When the boats arrive with their cargoes, which are reckoned by crans, or barrelfuls, the fish to be cured have the entrails taken out by a particular nip, leaving the melt and roe ; but they are not opened, as several of the most esteemed Encyclopedias describe; they are then put into a strong brine, where they are allowed to remain from twelve to sixteen hours, and when taken out are well drained, and packed closely on their backs, in a circular form, the cooper finishing the process by putting in the heads of the barrels very tightly. This is called the White pickle. Red herrings must be kept in the salt water twenty-four hours, they are then strung by the head on wooden spits, and placed, to the number of many thousands, in chimneys, where brushwood, or turf, is kindled on the floor, and managed so as to give a great deal of smoke without flame, from which is derived their peculiar flavour and colour. They are generally dry in about twenty-four hours, when they are put into barrels for keeping. These barrels will hold from 500 to 800 fish.
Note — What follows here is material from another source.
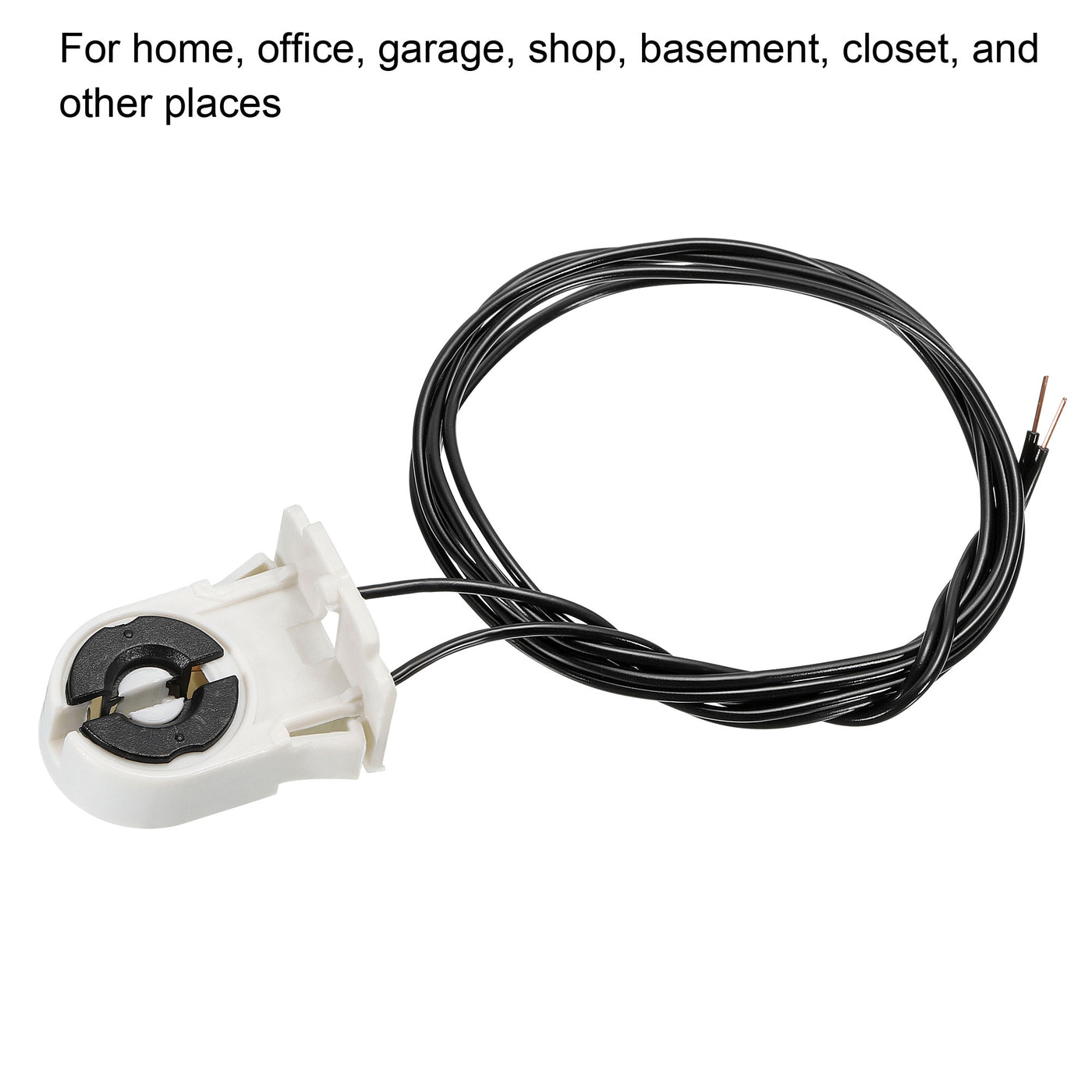 Harfington T8 Lamp Holder Socket Non-Shunted Light Holder with Wire 37x30x24mm for LED Fluorescent Tube, Pack of 8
The sketch was taken on the side of Loch nan Uagh, in Arisaig, and the male figure is that of a man not more experienced as a fisher than notorious as a smuggler; and it is said that in barrels, such as represented, he has at times contrived to convey without detection, a keg of good poit du’, or whiskey, concealed among the fish. A curious circumstance had occurred at the time the artist made his drawing. The fishermen, having one night caught a young whale, the old one making its appearance, attacked the boats furiously, and continued in the loch for some days, so that without harpoons or other weapons they could not venture on an attack. The group represents an idle peasantry, in their usual costume, having at the time no avocation to withdraw them from ‘a friendly crack’ about the country news.

It is matter of just complaint that the Dutch should be allowed to fish so near the coasts, and drive a lucrative trade on our very shores; it indicates a laxity in the enforcement of the international laws, which regulate the mutual rights of different countries.